**Work instruction**
Leaving out the pictures, write the following records exactly as they read.

**Entries supplied**
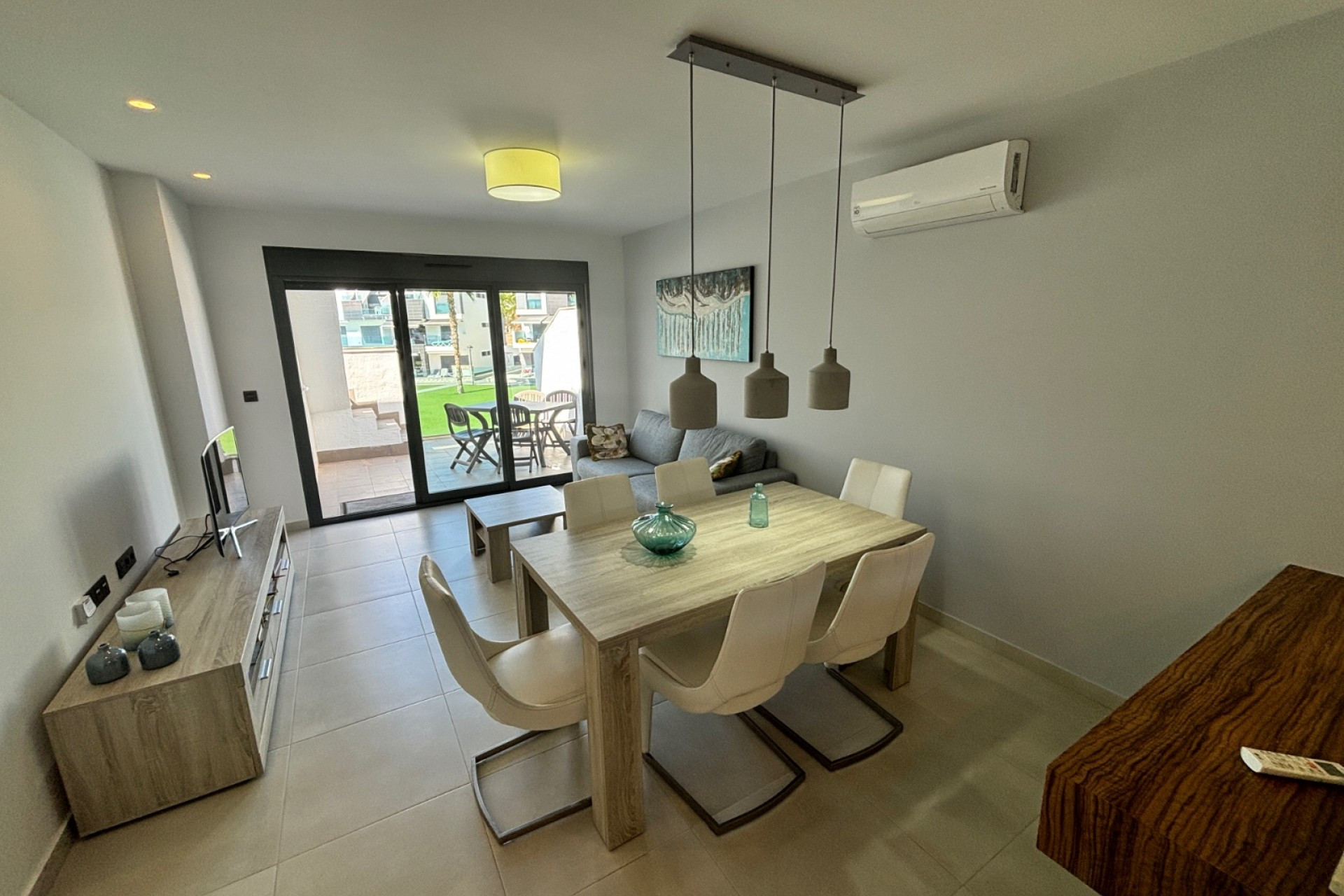 Revente - Apartment - Guardamar del Segura - EL RASO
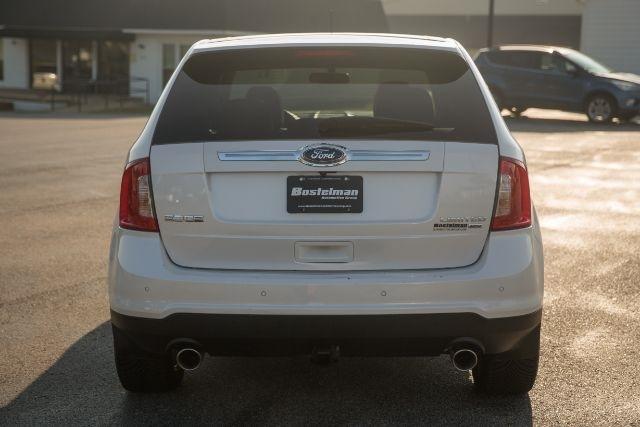 Ford Edge  2014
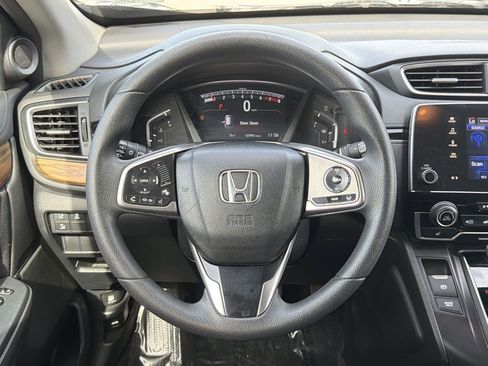 Used 2017 Honda CR-V EX image 8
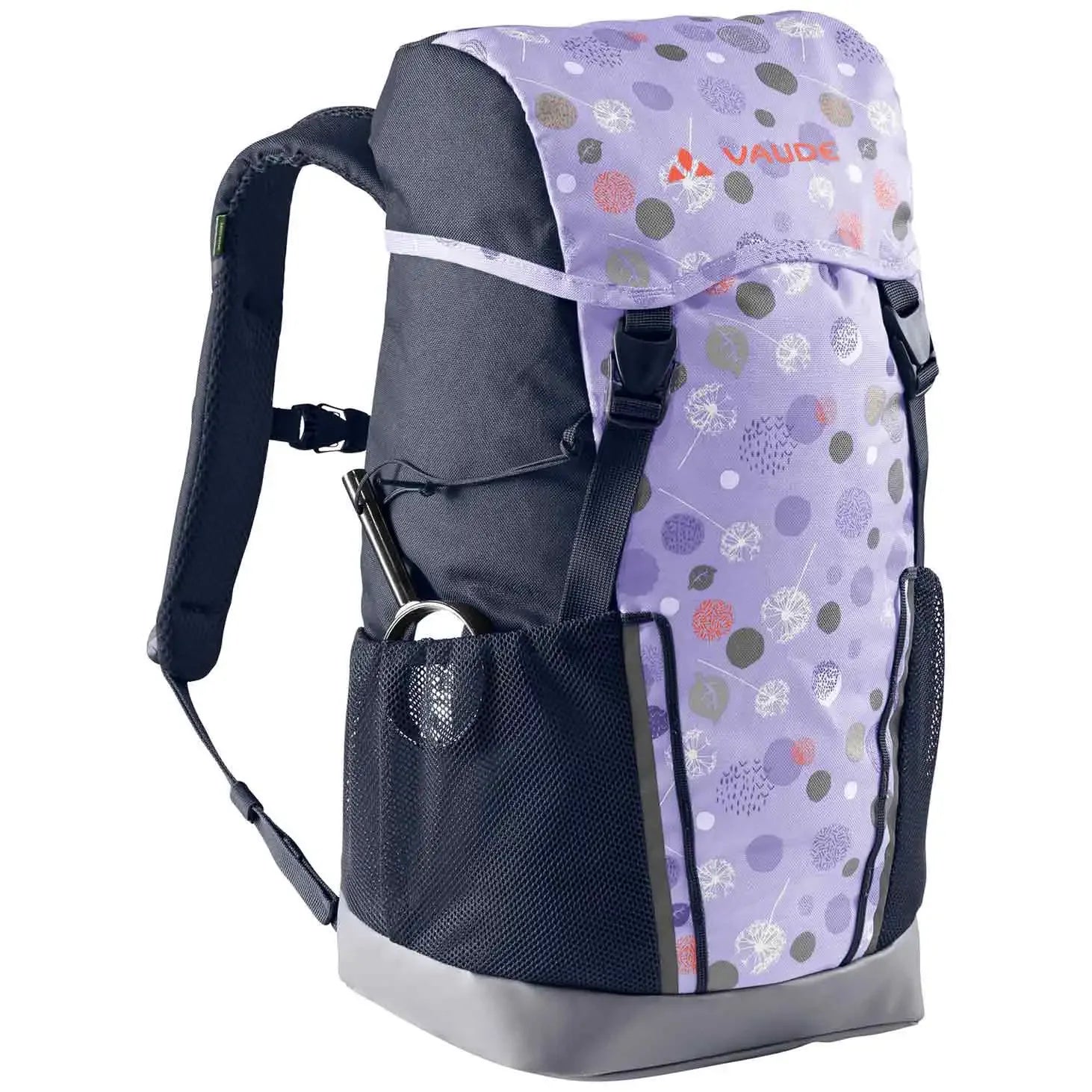 Vaude Family Puck 14 children's backpack 44 cm - pastel lilac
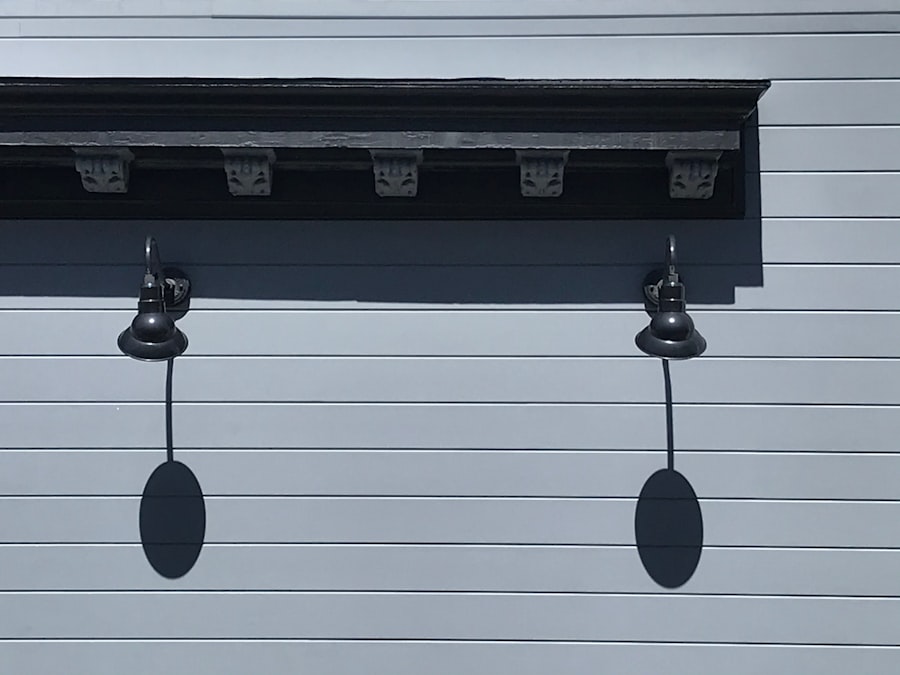 Photo Garage Door Controllers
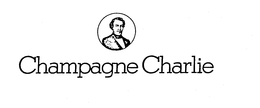 CHAMPAGNE CHARLIE trademark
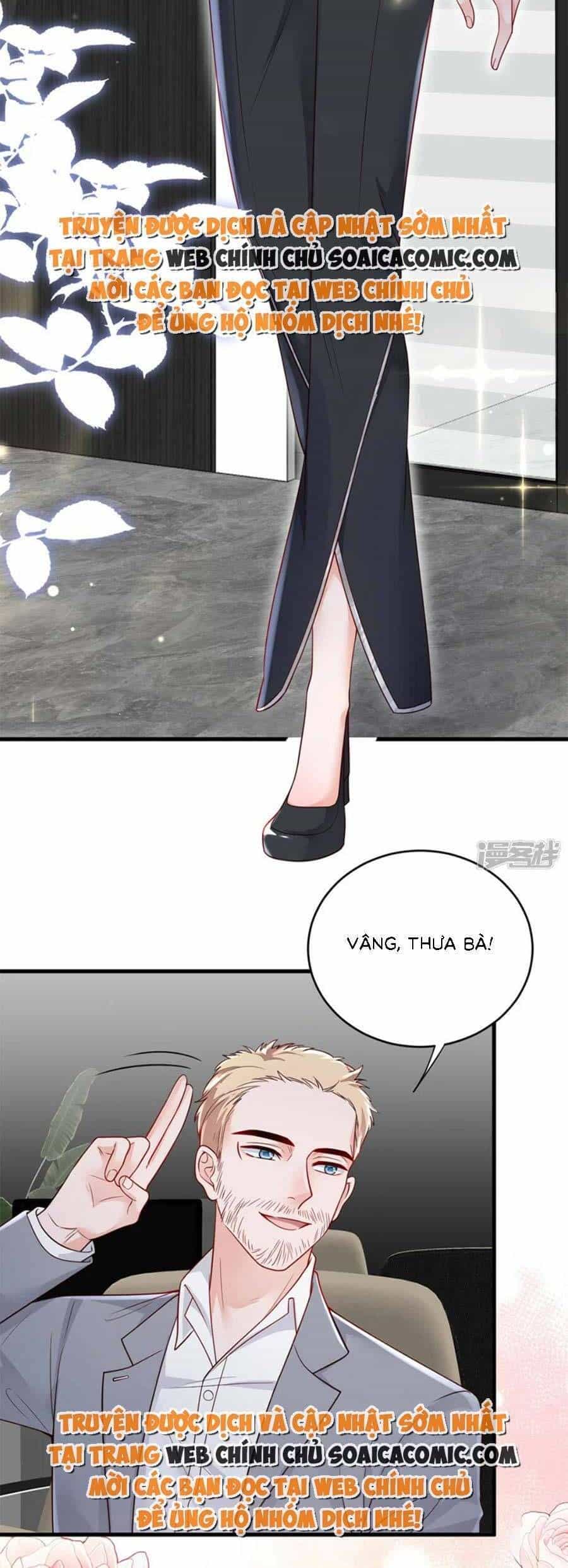 Lời Thì Thầm Của Ác Ma - Chương 138 - ảnh 4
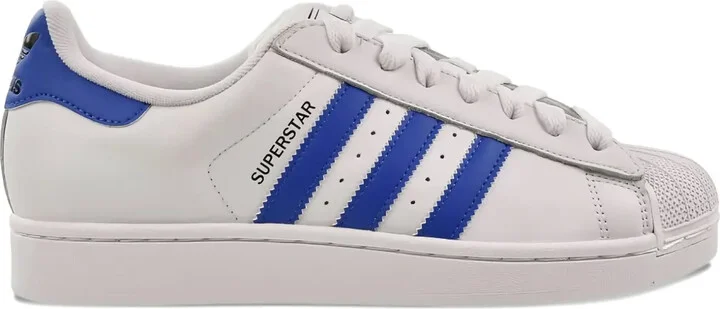 Superstar II sneakers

**Exercise solution**
 Revente - Apartment - Guardamar del Segura - EL RASO
 Ford Edge  2014
 Used 2017 Honda CR-V EX image 8
 Vaude Family Puck 14 children's backpack 44 cm - pastel lilac
 Photo Garage Door Controllers
 CHAMPAGNE CHARLIE trademark
 Lời Thì Thầm Của Ác Ma - Chương 138 - ảnh 4
 Superstar II sneakers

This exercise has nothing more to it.